Un’ubriacatura che travolse anche la Chiesa. Ricordate la comica stagione dei «preti operai» in dolcevita antracite, che alla fine vennero cacciati dagli operai della Fiat perché rubavano posti di lavoro ai padri di famiglia? Protagonista eminente di quella bizzarra lettura proletaria del Vangelo fu il cardinale di Torino, Michele Pellegrino. È di quegli anni la lettera pastorale di Pellegrino intitolata Camminare insieme. Insieme con chi? Ma con i comunisti, ovvio. Messori scuote il capo. «Pellegrino, sant’uomo, studioso illustre di patristica ma senza esperienza pastorale, prese sul serio il mito della classe operaia, dimenticando che alla Fiat, perfino in quegli anni, gli iscritti al sindacato erano minoranza, e quelli della Fiom, minoranza all’interno della minoranza».
Quando si intronò nel ruolo di arcivescovo, Pellegrino ricevette in dono dai fedeli, come voleva la tradizione, una croce pettorale d’oro. La vendette, destinando demagogicamente il ricavato agli «ultimi» e sostituendola con una di legno. «Demagogia o carità evangelica? Quando andò al suo Seminario, a Rivoli, venne accolto dai futuri preti, in tonaca, a pugno chiuso. Scandivano lo slogan che risuonava, come un mantra, nelle strade: “Viva Marx, viva Lenin, viva Mao Tze Tung!”. Io ero lì come cronista, li ho visti con i miei occhi». Risultato: nel giro di pochi anni il Seminario si svuotò, e l’immobile venne venduto. «Da allora – commenta Messori – la diocesi di Torino, che conta due milioni di battezzati, ordina due preti l’anno. Quando va bene. Quando va male, uno. O zero del tutto».
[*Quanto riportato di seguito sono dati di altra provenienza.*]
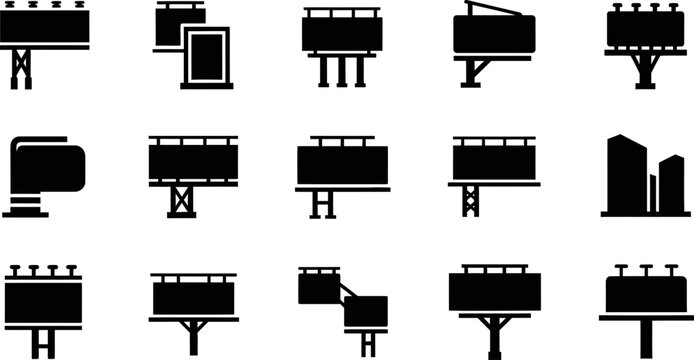 set of 15 minimalist outdoor advertising billboards flat design vector illustration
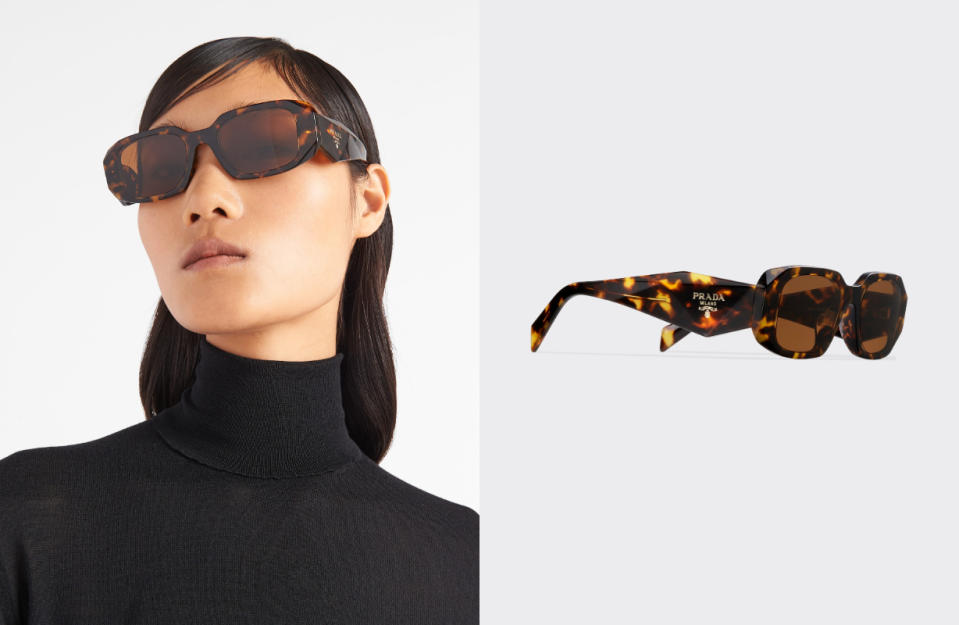 圓型臉精品墨鏡推薦：Prada Symbole 太陽眼鏡，NT$ 16,000！圖片來源：Prada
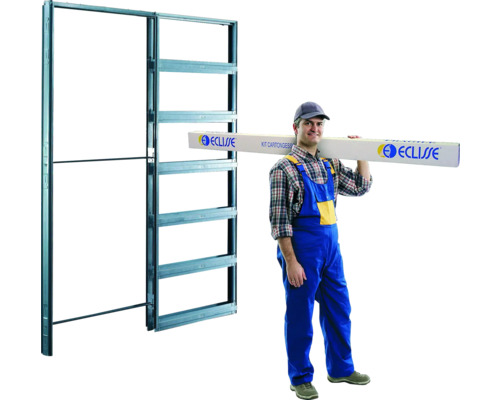 Casetă ușă glisantă Eclisse cu instalator și ambalajul produsului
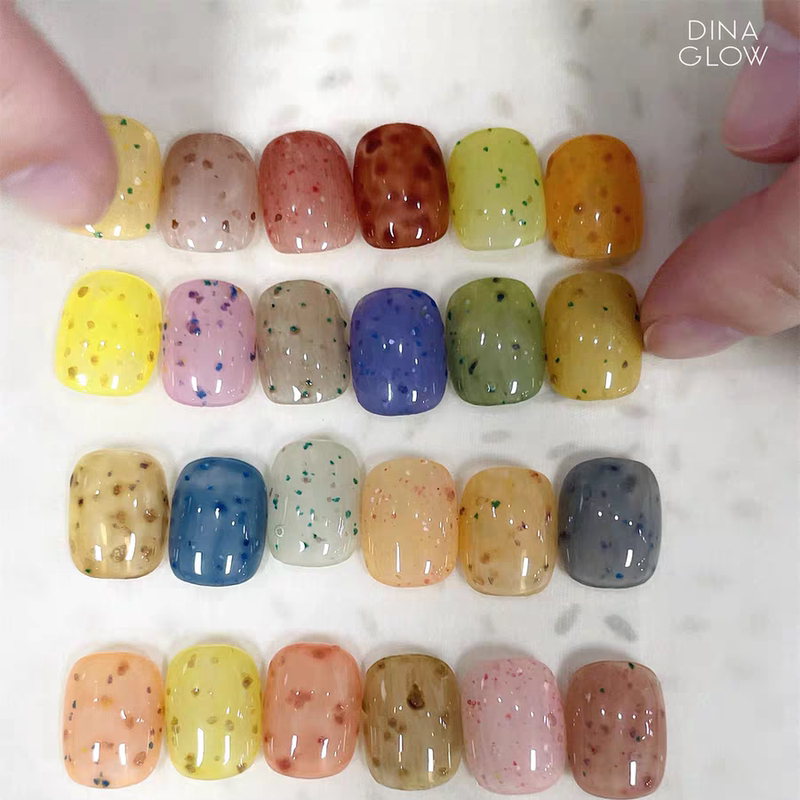 Dinaglow New Product Original 27 Colors # 419-445 Material-Based Nail Polish Gel Can Be Applied Thinly, Thickly, or Mixedly, and Can Be Layered.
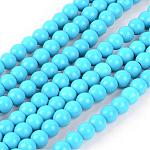 Chapelets de perles en turquoise synthétique, teinte, ronde, bleu profond du ciel, 6mm, Trou: 1mm, Environ 67 pcs/chapelet, 15.75 pouce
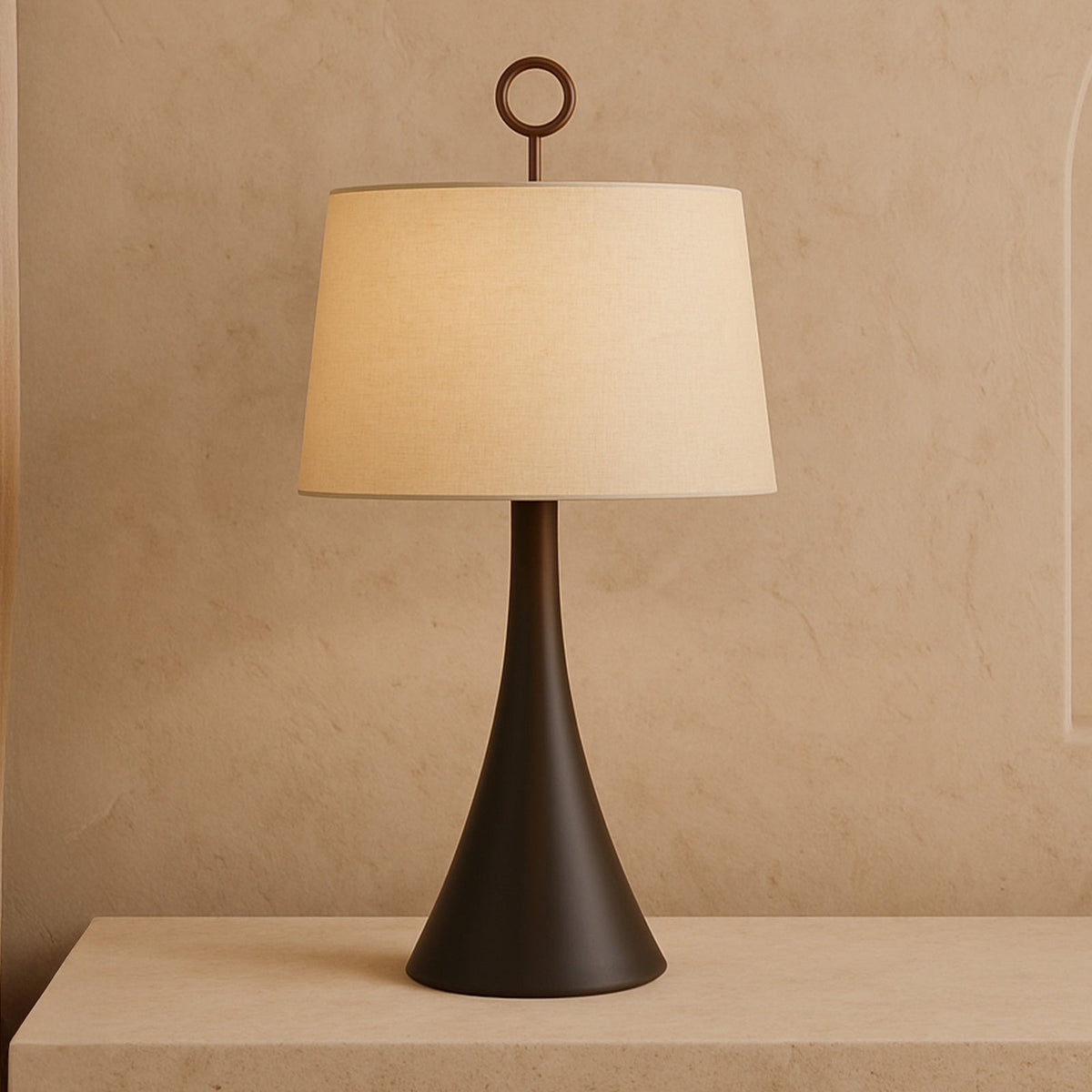 Leila Table Lamp - Antique Hairline Bronze/Off White Linen Shade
È in quegli anni che il Gran Custode dell’abbazia di Maguzzano, l’unico giornalista ad avere intervistato due papi (Varcare la soglia della speranza con Giovanni Paolo II: trenta milioni di copie in 53 lingue, e Rapporto sulla fede con l’allora Prefetto dell’ex Sant’Uffizio, Joseph Ratzinger); è lì, nel Sessantotto e dintorni che Messori, «aspettando che il carnevale finisse», continua la sua lenta navigazione alla ricerca della verità del Vangelo. «Dalla Chiesa uscivano eccitate schiere di preti e di suore che avevano scoperto Marx, Freud, Nietzsche. Io, alle porte di quella Chiesa avevo bussato da poco, deluso proprio da quei maestri. In silenzio, lavoravo a Ipotesi su Gesù. Uscì nel ’76, nel pieno dell’ubriacatura cattocomunista. E in capo a due anni il libro vendette, solo in Italia, un milione di copie. Nelle classifiche, era primo nella saggistica. Nella narrativa svettava Porci con le ali di Lidia Ravera, ti ricordi?».
Passeggiando nel chiostro del convento, prima di congedarci, gli domando qual è, secondo lui, il lascito del Sessantotto. Ci pensa un po’ su. Poi dice: «Tutte le rivoluzioni, dall’Illuminismo in poi, sono fallite. Con l’eccezione della rivoluzione sessuale. I ventenni del ’68 furono i quarantenni degli anni Ottanta, la generazione più edonista, sfacciata, egoista e allupata del secolo. Guarda lo sconquasso che ha portato nella vita affettiva, familiare, sessuale. Aumentando, credo, l’infelicità delle persone. Il 53 per cento dei matrimoni, a Milano e a Torino, finiscono in Tribunale. Mentre dall’omofobia pre-Sessantotto, che era deprecabile, siamo passati all’omocrazia odierna, in cui ti trascinano in Tribunale anche solo se parli di “normalità” per chi non è gay. Un nuovo conformismo. Una nuova inquisizione. Non è un bel guadagno».